* _How to complete this task_
Word for word, copy each record that comes after this.

(Stored items)
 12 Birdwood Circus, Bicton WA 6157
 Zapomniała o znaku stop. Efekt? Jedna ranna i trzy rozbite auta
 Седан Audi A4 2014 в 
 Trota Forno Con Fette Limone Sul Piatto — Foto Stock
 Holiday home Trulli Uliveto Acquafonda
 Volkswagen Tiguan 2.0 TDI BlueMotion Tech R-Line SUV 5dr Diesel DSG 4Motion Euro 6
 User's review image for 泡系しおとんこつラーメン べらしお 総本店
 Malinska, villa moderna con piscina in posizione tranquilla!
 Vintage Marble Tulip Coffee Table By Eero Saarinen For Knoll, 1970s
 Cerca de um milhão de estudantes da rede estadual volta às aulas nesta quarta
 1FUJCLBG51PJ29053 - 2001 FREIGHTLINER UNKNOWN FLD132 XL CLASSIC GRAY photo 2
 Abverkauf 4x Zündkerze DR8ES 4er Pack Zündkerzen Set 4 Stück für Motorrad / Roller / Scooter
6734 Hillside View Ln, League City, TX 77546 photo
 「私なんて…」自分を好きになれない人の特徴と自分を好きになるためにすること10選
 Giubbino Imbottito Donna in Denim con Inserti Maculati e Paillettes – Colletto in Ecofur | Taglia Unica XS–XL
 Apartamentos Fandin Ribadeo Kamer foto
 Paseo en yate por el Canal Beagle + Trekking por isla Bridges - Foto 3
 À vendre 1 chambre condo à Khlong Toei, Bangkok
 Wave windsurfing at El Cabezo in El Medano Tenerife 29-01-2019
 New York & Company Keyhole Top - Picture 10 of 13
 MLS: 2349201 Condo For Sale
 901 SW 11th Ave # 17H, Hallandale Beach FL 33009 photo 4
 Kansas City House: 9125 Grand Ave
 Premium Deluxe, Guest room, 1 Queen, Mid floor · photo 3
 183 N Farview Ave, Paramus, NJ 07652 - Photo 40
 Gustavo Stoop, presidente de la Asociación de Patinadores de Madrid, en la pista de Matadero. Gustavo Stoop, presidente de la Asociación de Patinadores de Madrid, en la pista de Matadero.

* _Task output_
 12 Birdwood Circus, Bicton WA 6157
 Zapomniała o znaku stop. Efekt? Jedna ranna i trzy rozbite auta
 Седан Audi A4 2014 в 
 Trota Forno Con Fette Limone Sul Piatto — Foto Stock
 Holiday home Trulli Uliveto Acquafonda
 Volkswagen Tiguan 2.0 TDI BlueMotion Tech R-Line SUV 5dr Diesel DSG 4Motion Euro 6
 User's review image for 泡系しおとんこつラーメン べらしお 総本店
 Malinska, villa moderna con piscina in posizione tranquilla!
 Vintage Marble Tulip Coffee Table By Eero Saarinen For Knoll, 1970s
 Cerca de um milhão de estudantes da rede estadual volta às aulas nesta quarta
 1FUJCLBG51PJ29053 - 2001 FREIGHTLINER UNKNOWN FLD132 XL CLASSIC GRAY photo 2
 Abverkauf 4x Zündkerze DR8ES 4er Pack Zündkerzen Set 4 Stück für Motorrad / Roller / Scooter
6734 Hillside View Ln, League City, TX 77546 photo
 「私なんて…」自分を好きになれない人の特徴と自分を好きになるためにすること10選
 Giubbino Imbottito Donna in Denim con Inserti Maculati e Paillettes – Colletto in Ecofur | Taglia Unica XS–XL
 Apartamentos Fandin Ribadeo Kamer foto
 Paseo en yate por el Canal Beagle + Trekking por isla Bridges - Foto 3
 À vendre 1 chambre condo à Khlong Toei, Bangkok
 Wave windsurfing at El Cabezo in El Medano Tenerife 29-01-2019
 New York & Company Keyhole Top - Picture 10 of 13
 MLS: 2349201 Condo For Sale
 901 SW 11th Ave # 17H, Hallandale Beach FL 33009 photo 4
 Kansas City House: 9125 Grand Ave
 Premium Deluxe, Guest room, 1 Queen, Mid floor · photo 3
 183 N Farview Ave, Paramus, NJ 07652 - Photo 40
 Gustavo Stoop, presidente de la Asociación de Patinadores de Madrid, en la pista de Matadero. Gustavo Stoop, presidente de la Asociación de Patinadores de Madrid, en la pista de Matadero.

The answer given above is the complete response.